La France, une situation à part ?

Pourtant, d’autres éléments présents dans le rapport sont de nature à tempérer cette vision. Le comité d’évaluation a ainsi passé en revue les travaux d’économistes effectués dans d’autres pays suite à des réformes de la fiscalité du capital. Au niveau des ménages, « la littérature empirique n’a pu mettre en évidence d’effets marqués sur l’investissement, l’activité des entreprises et l’emploi » note le rapport. Autrement dit, les arguments présentés par l’exécutif au moment de la mise en place de la réforme en 2017 sont loin d’être incontestables.

Cela n’émeut pas le comité d’évaluation, qui pointe « la situation particulière de la France », ce qui rendrait difficile des comparaisons avec d’autres pays. Fabrice Lenglart, le président du comité, rappelle qu’avant la réforme d’Emmanuel Macron, la fiscalité du capital en France était « d’une grande complexité » et « s’éloignait progressivement des standards internationaux ». Si la France était effectivement au-dessus de la moyenne européenne en 2017, la part des prélèvements sur le capital des ménages et des entreprises était pourtant moins élevée qu'au Luxembourg ou en Belgique, deux pays loin d’être des repoussoirs pour les plus fortunés et les grandes entreprises…

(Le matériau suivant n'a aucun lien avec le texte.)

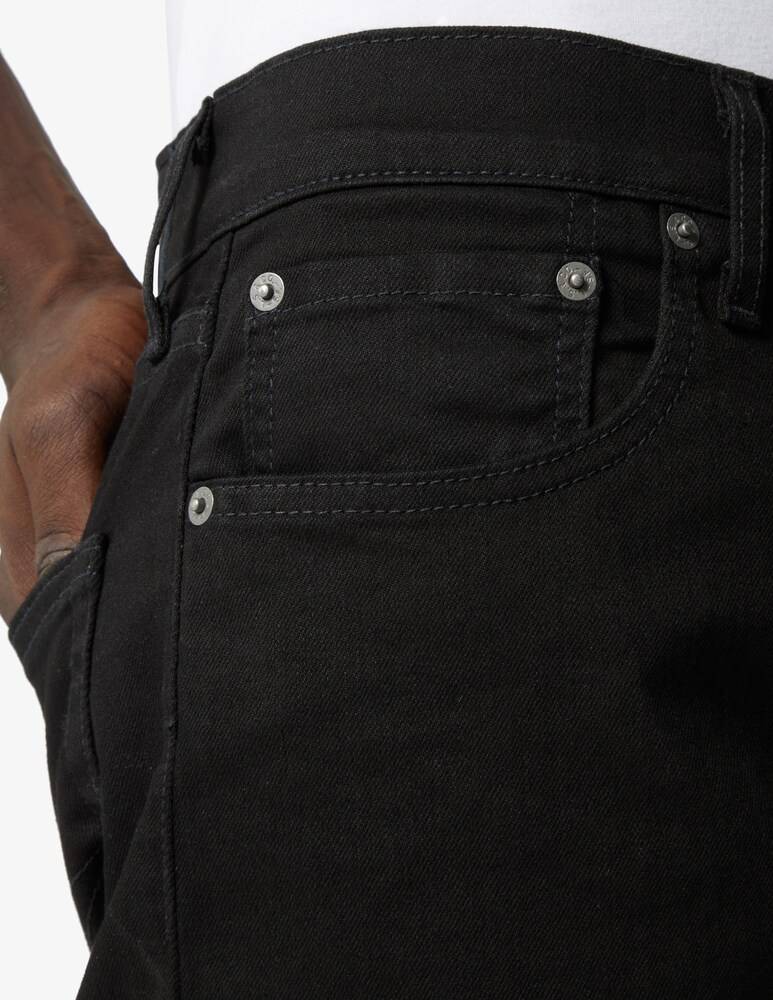 Levi's Jeans 512 Slim Nightshine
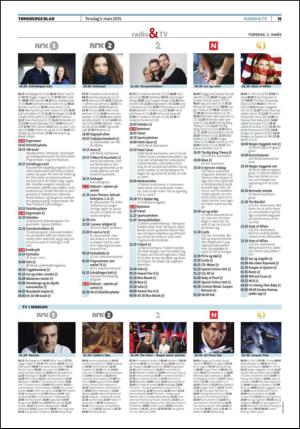 tonsbergsblad_del2-20150305_000_00_00_015.pdf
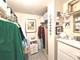 300 E Dundee Unit 102A, Buffalo Grove, IL 60089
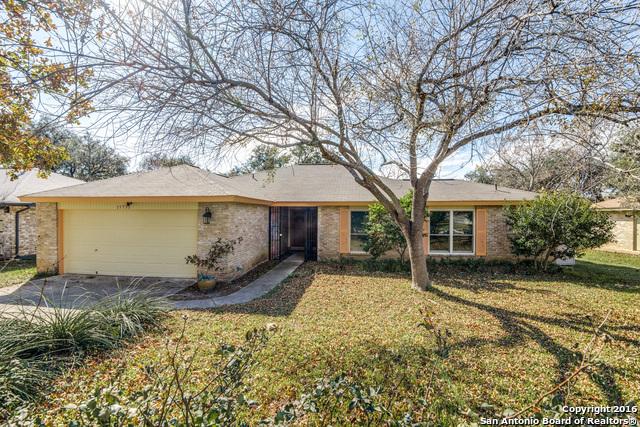 346 Clorinda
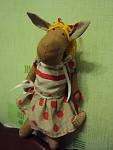     
: DSC02830.jpg
: 5
:	64.5 
ID:	7153262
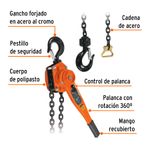 Polipasto-de-palanca-1-tonelada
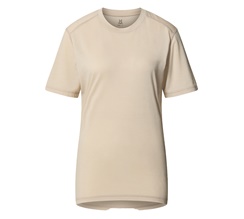 Haglöfs Kaise Wool Tee Dam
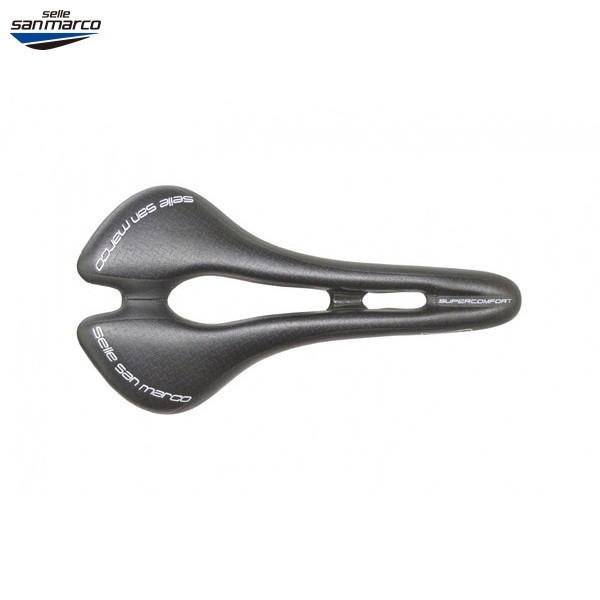 SELLE SAN MARCO Z@T}R Aspide DYNAMIC SUPERCOMFORT@AXsf _Ci~bN X[p[RtH[g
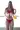 2_6337_01JZ34W4Z62BFNSGMVQ8Z2NTXX.webp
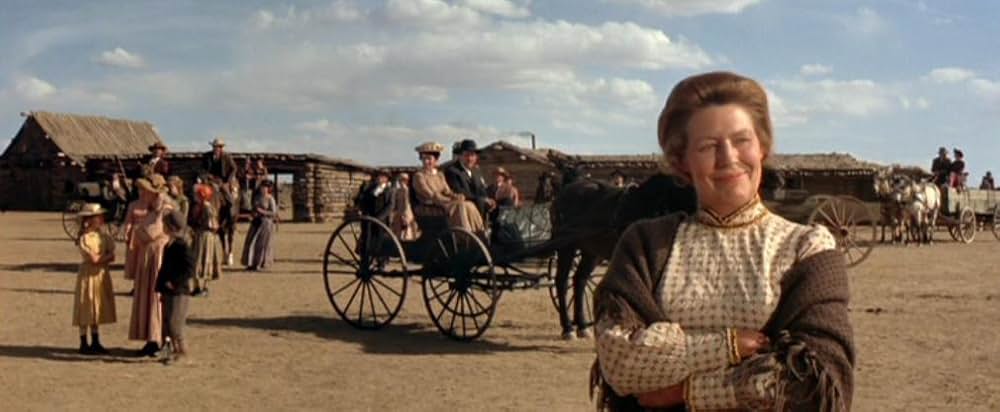 11人のカウボーイの画像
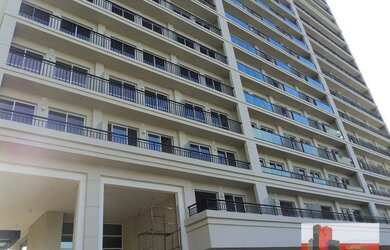 Imagem: O depósito possui 78m² de Área, Direto com o proprietário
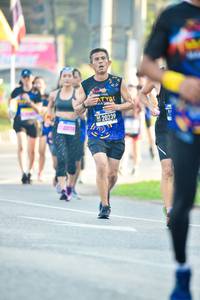 BIB: 7221
                            <button type="button" onclick="openModal(3807328)" class="btn btn-primary btn-sm float-right btn-popup" data-toggle="modal" data-target=".modal-high-quality">
                        <i class="fas fa-shopping-cart"></i> Add to Cart
                    </button>
                                            <button type="button" onclick="isThisMe(3807328, true)" class="btn btn-success btn-sm float-right btn-popup btn-isme hidden" data-toggle="tooltip" data-placement="bottom" title="นี่คือรูปของคุณใช่ไหม คลิกที่นี่เพื่อเอาเข้าอัลบั้ม">
                        <i class="fas fa-plus"></i> Add to album
                    </button>
                    <button type="button" onclick="isThisMe(3807328, false)" class="btn btn-warning btn-sm float-right btn-popup btn-isnotme hidden">
                        <i class="fas fa-ban"></i> Remove from album
                    </button>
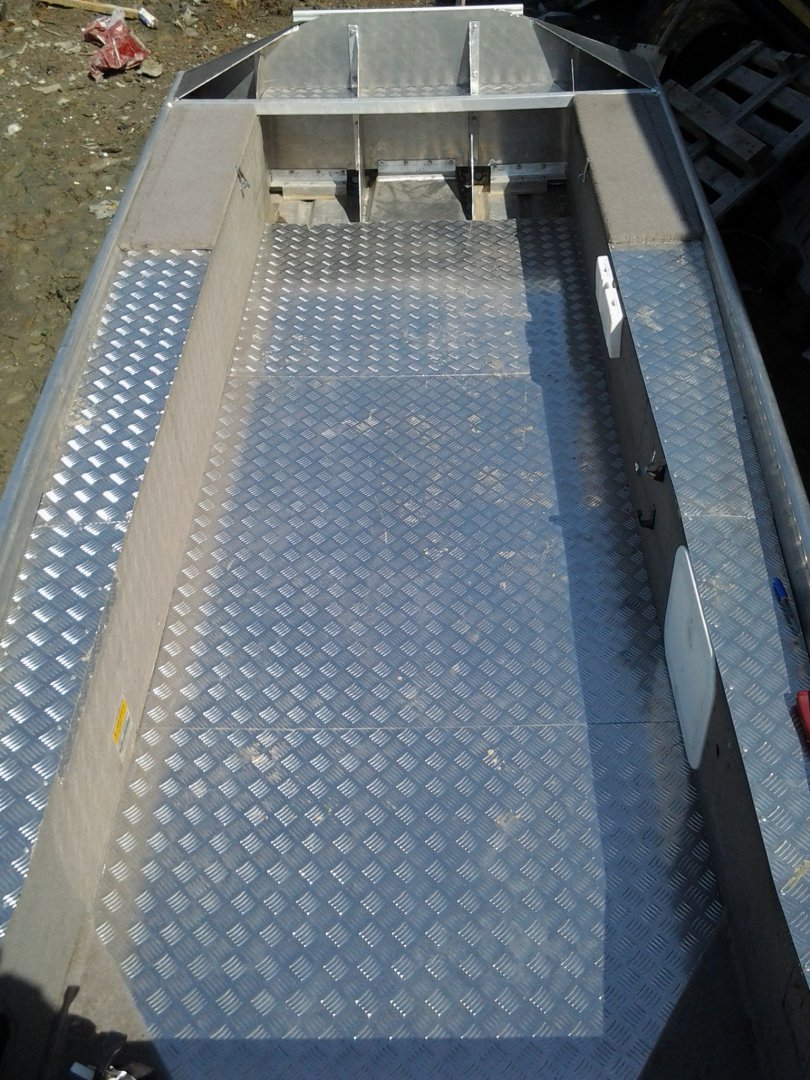 20150416_124210.jpg
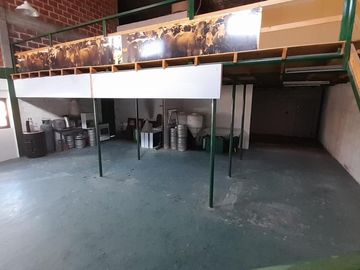 place photo 11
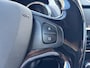 Renault Clio Estate 0.9 TCe Expression | Trekhaak | Navigatie | Airco | 12 maanden garantie! |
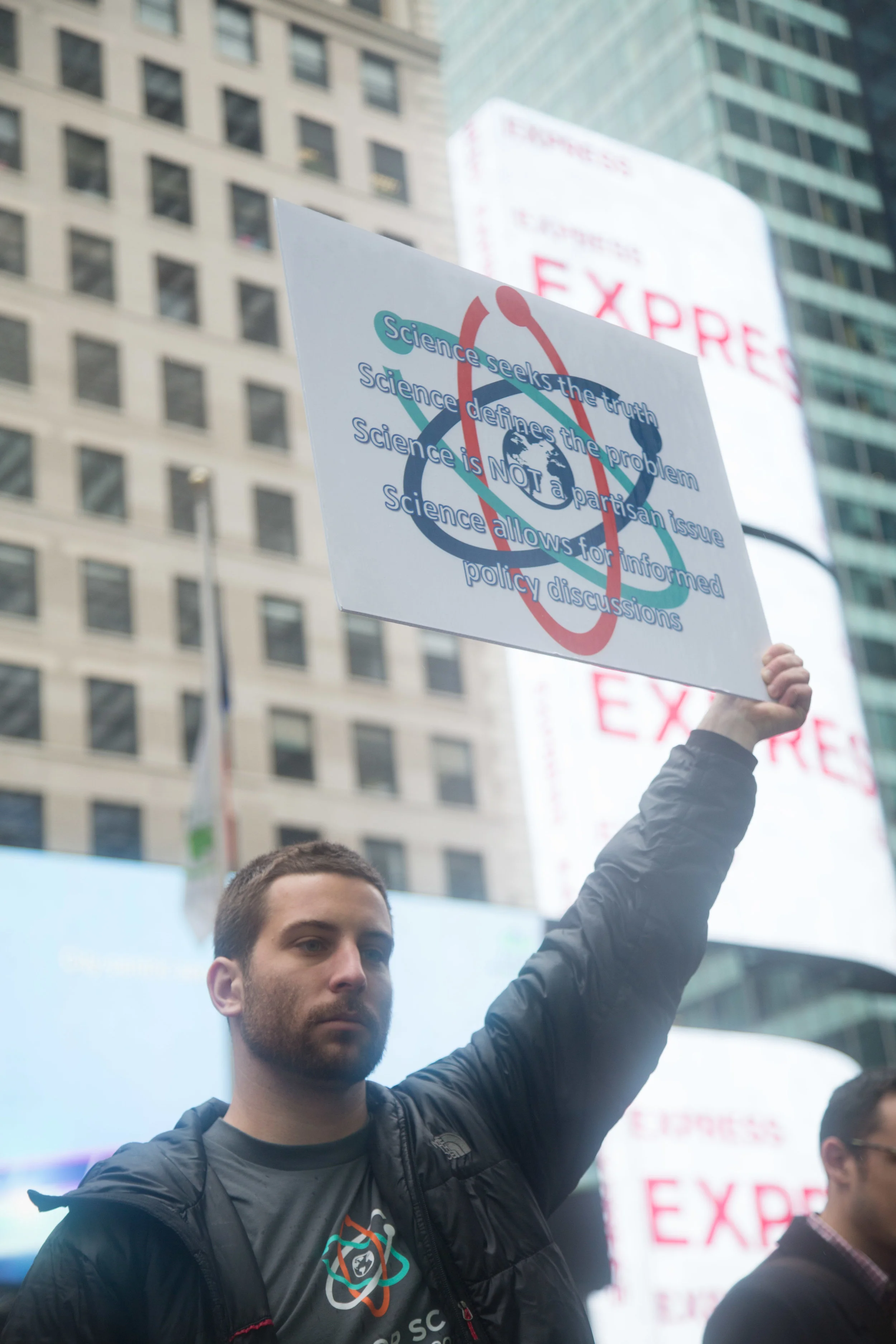 4.22.17_ScienceMarch-203.jpg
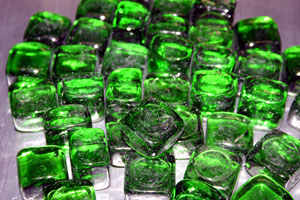 green-ice-cubes-70163-ac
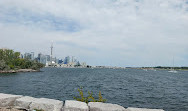 Trillium Park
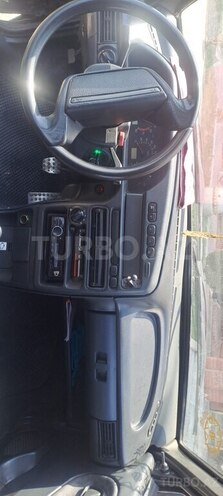 LADA (VAZ) 2115 2009, 200,000 km - 1.6 l - Gəncə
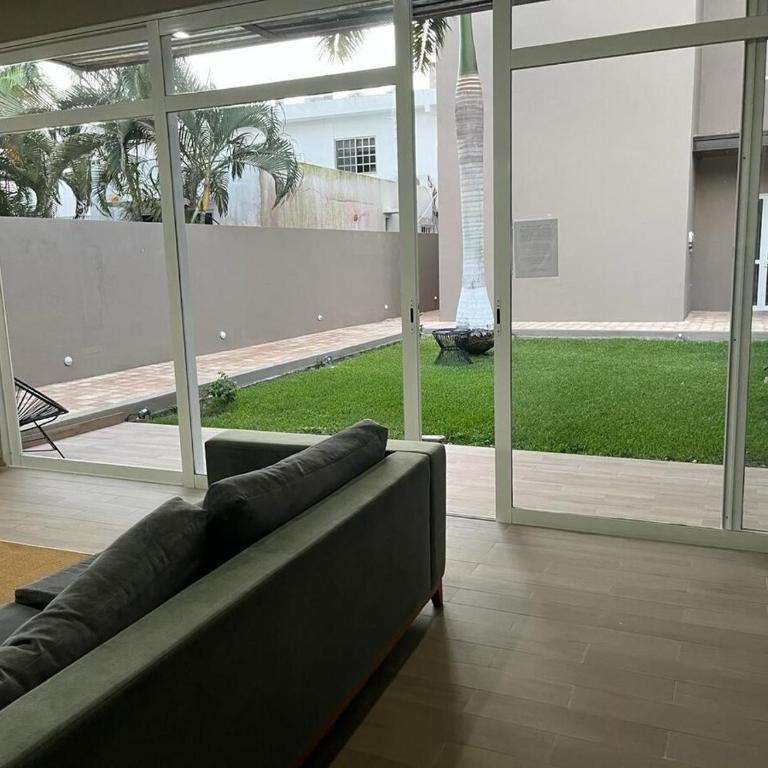 Apartment with sea view - Apartamento de 2 dormitorios - 12
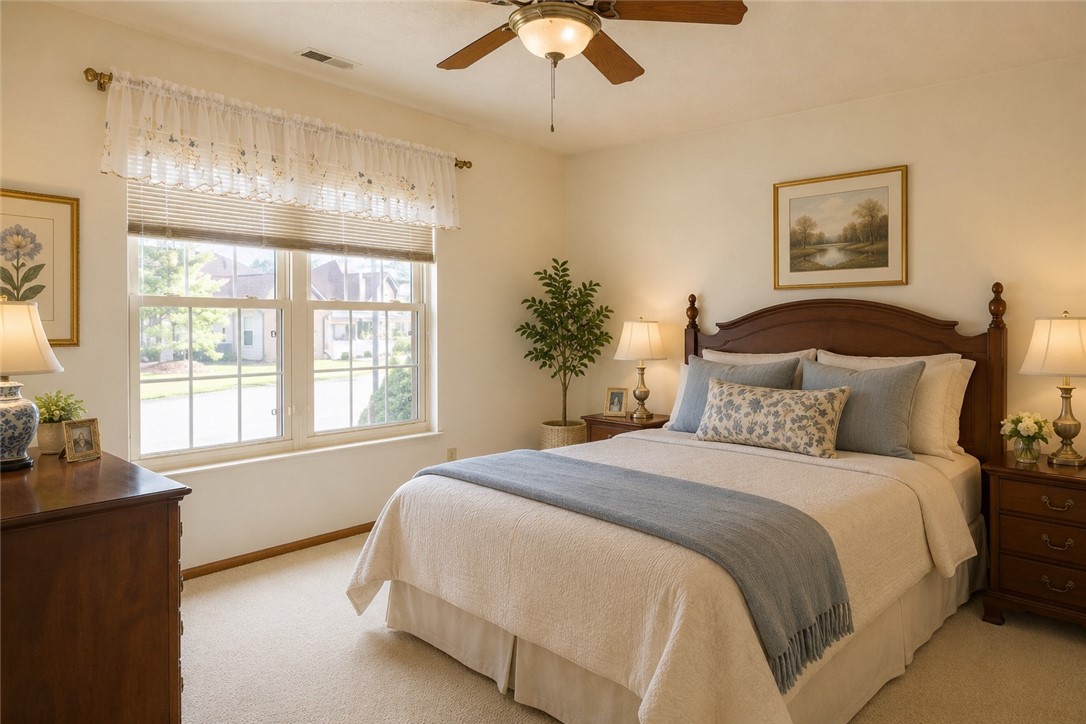23 Ashford Dr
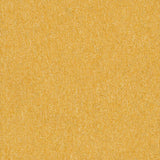 MODULYSS_Product_Plus_monos-204-A_LR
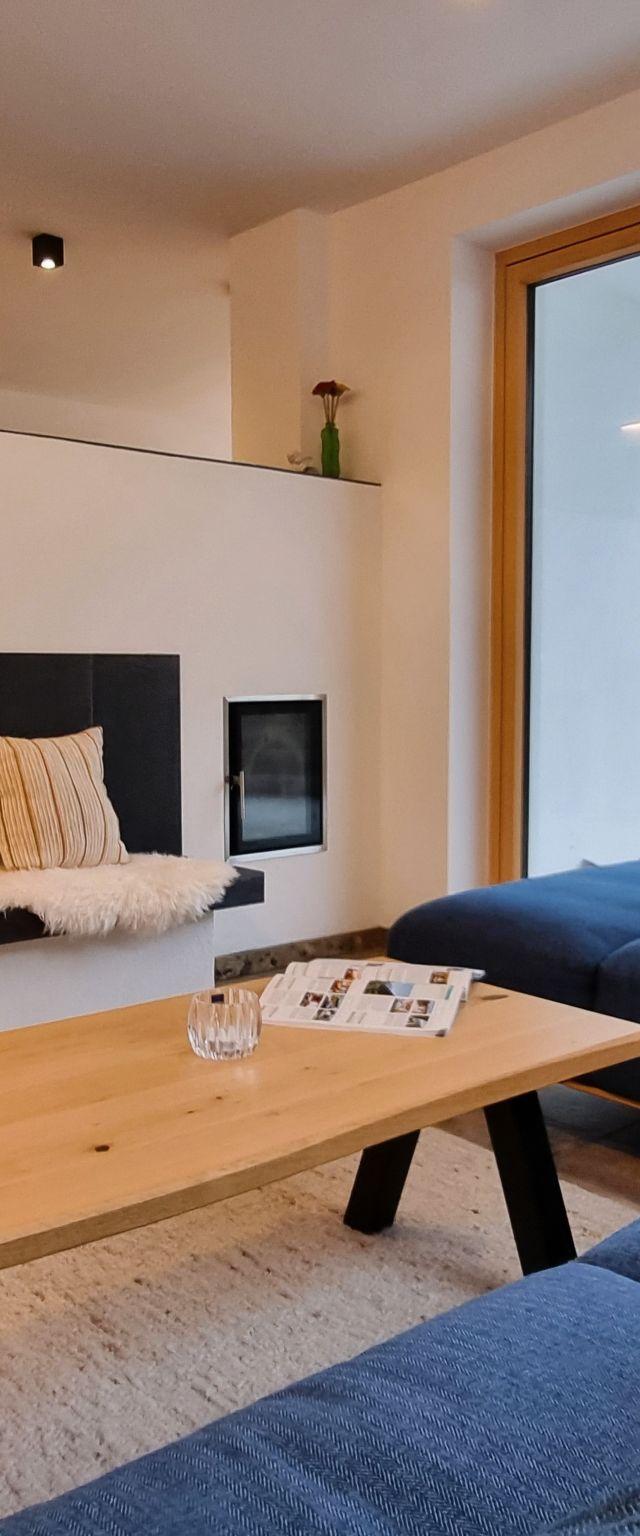 Home Dachsbau – billede 6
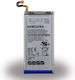 EB-BG950ABA Baterie de înlocuire compatibilă 3000mAh pentru SAMSUNG SM-G950F Galaxy S8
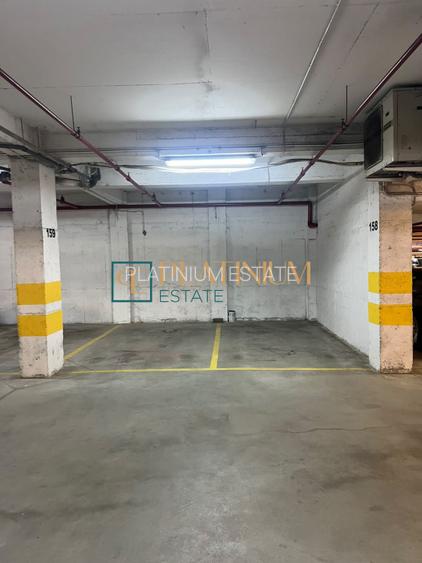 P4959 Apartament cu 2 camere NOU, zona Torontalului/Aradului - 7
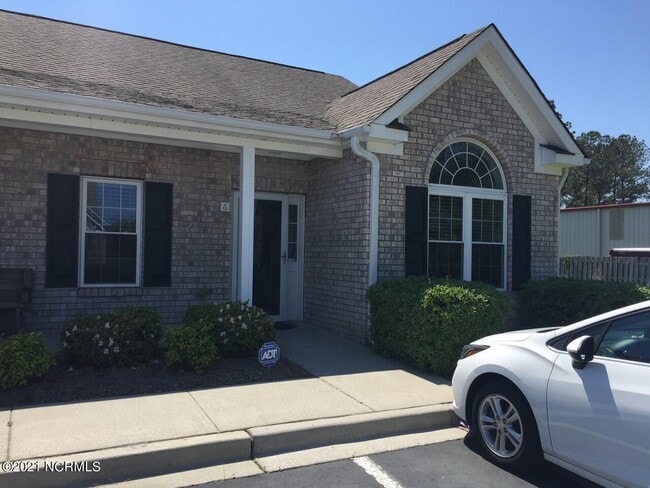 property at 4917 Dreamweaver Ct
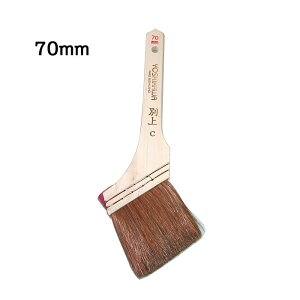 ʏс@C^@70mm@nP@ʏC^ y[։z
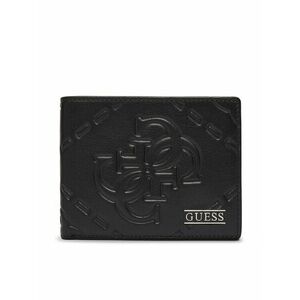 Pénztárca Guess kép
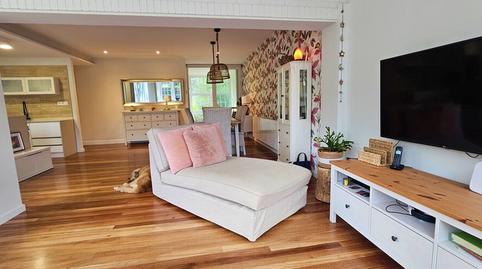 Photo 3 of Single-family semi-detached for sale in Plentzia, Bizkaia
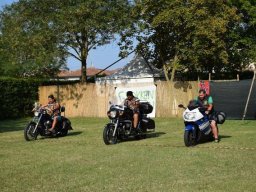 21-motoduck-2018-837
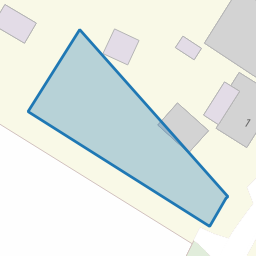 Perceel GTL02-H-1546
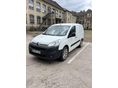 CITROEN BERLINGO 2017/8 - 2
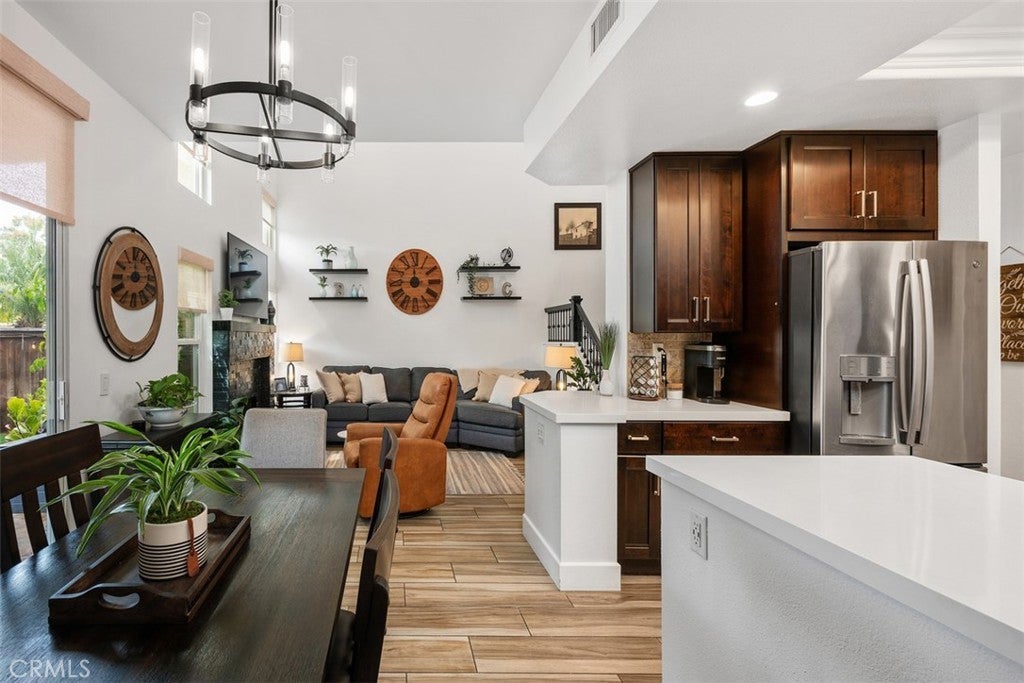 Photo of Listing #OC25069008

Les plus aisés, gagnants incontestables

Deux ans après la fin de l’ISF et la mise en place du PFU, un seul élément est clairement irréfutable : « les deux réformes étudiées bénéficient à court terme aux ménages les plus aisés » note le comité. C’est loin d’être une surprise puisque l’allégement de la fiscalité du capital concerne avant tout les plus riches, ceux qui possèdent un large patrimoine.

Concrètement, ce sont les 10 %, voire les 5 % des ménages les plus aisés qui ont capté l’essentiel des bénéfices de cette réforme. Pour l’État, cela représente un manque à gagner d’environ 4,5 milliards d’euros par an. Pour savoir si ce pari de se priver de recettes afin de stimuler l’investissement a été gagnant, il faudra attendre encore un, voire deux ans selon le comité d’évaluation, afin de disposer de données consolidées. Cela signifie que l’évaluation complète d’une réforme annoncée en 2017 ne pourrait avoir lieu qu’à la fin 2021, quelques mois avant l’élection présidentielle. Nul doute qu’au vu de l’enjeu, les conclusions du comité seront alors scrutées de très près.